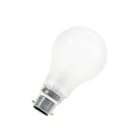 BAILEY - AGL B22d A60 130V 100W Matt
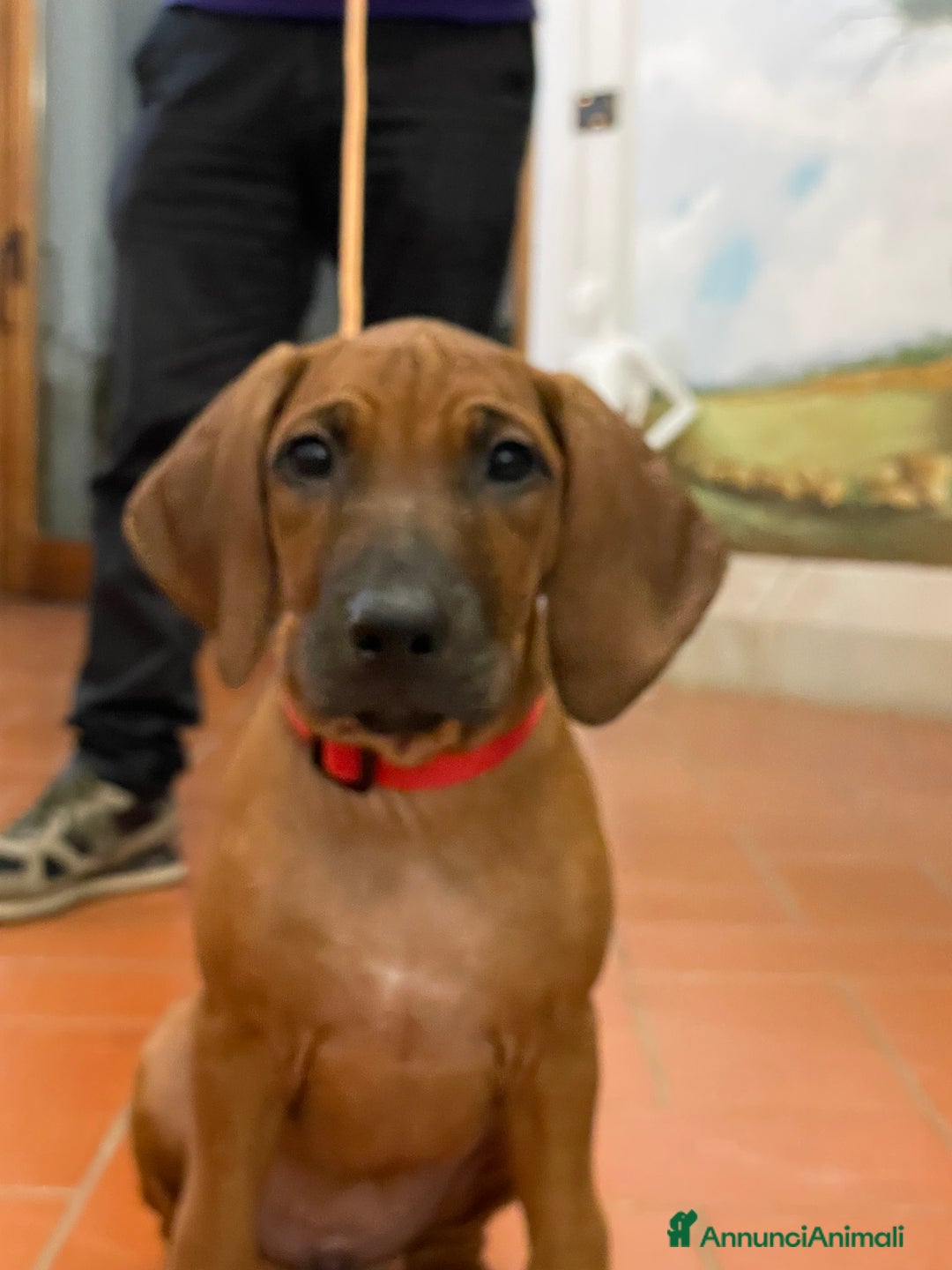 Rhodesian Ridgeback cani in vendita: Rhodesian ridgeback Alta genealogia  - Annuncio 8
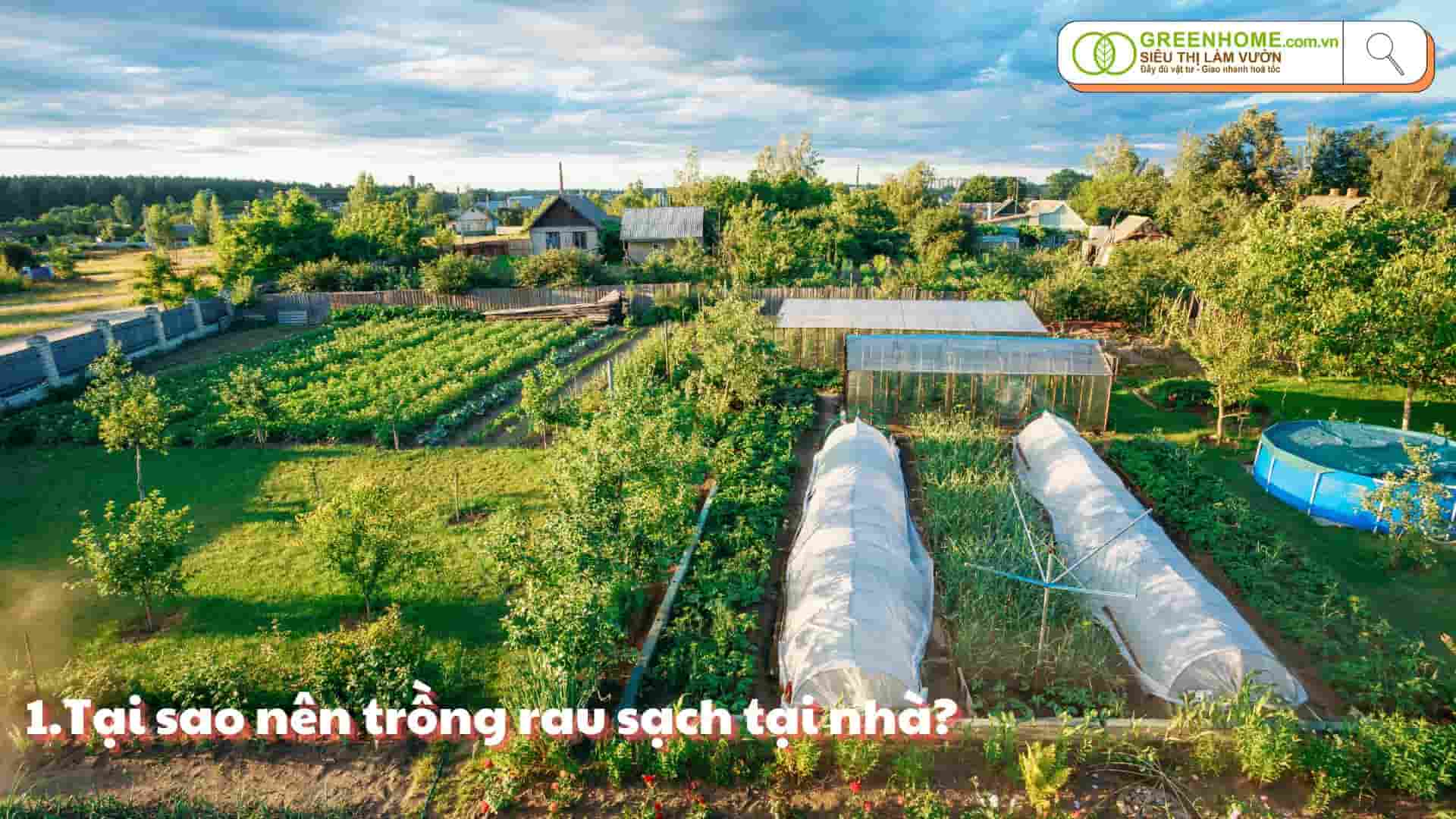 Tự tay trồng rau sạch tại nhà: Hướng dẫn chi tiết từ A đến Z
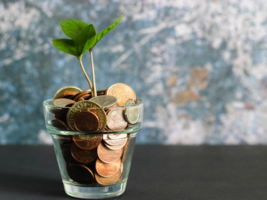 Eine Pflanze wächst aus einem Glas voll mit Euro-Cent-Münzen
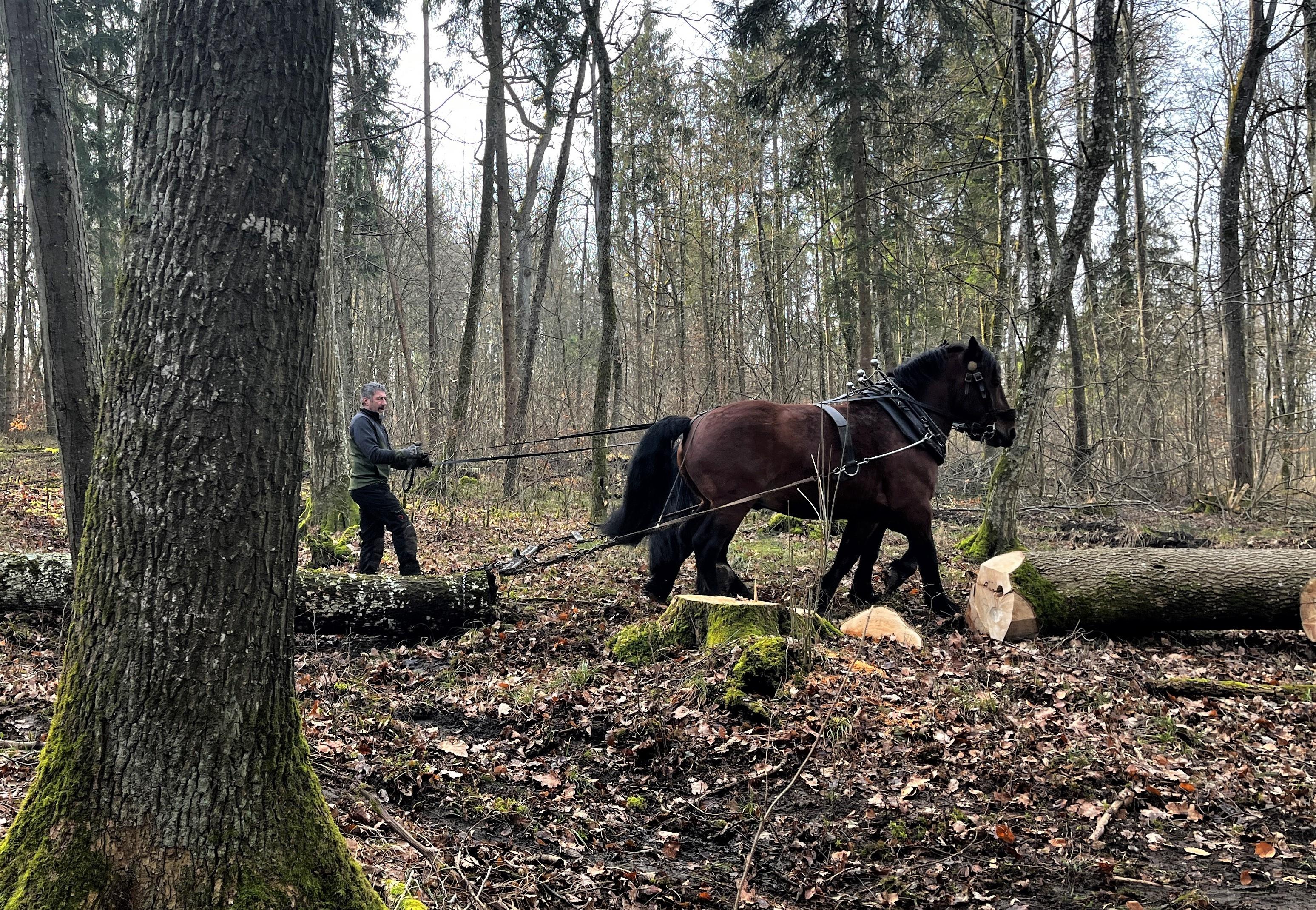 Zwei Pferde beim Holzrücken im Donauwörther Stadtwald. 
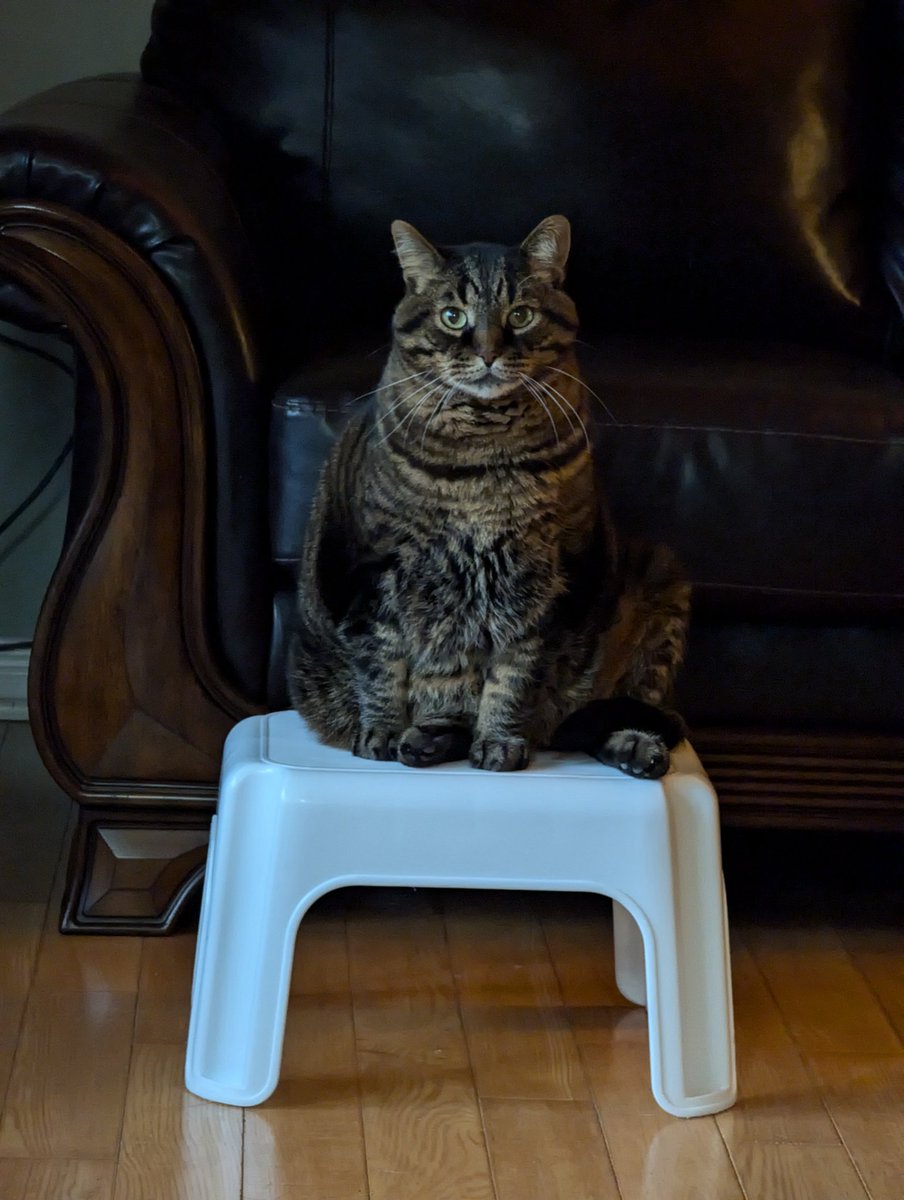 KeitherKeith's tweet photo. @lufflyLu That I'm smart! #Micker https://t.co/48fLbvmPmT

▶ [Instructions to follow]:
From the line that contains "Tự tay trồng" through the last line of the entries, transcribe every line exactly, leaving out the pictures.

▶ [Written answer]:
 Tự tay trồng rau sạch tại nhà: Hướng dẫn chi tiết từ A đến Z
 Eine Pflanze wächst aus einem Glas voll mit Euro-Cent-Münzen
 Zwei Pferde beim Holzrücken im Donauwörther Stadtwald. 
 KeitherKeith's tweet photo. @lufflyLu That I'm smart! #Micker https://t.co/48fLbvmPmT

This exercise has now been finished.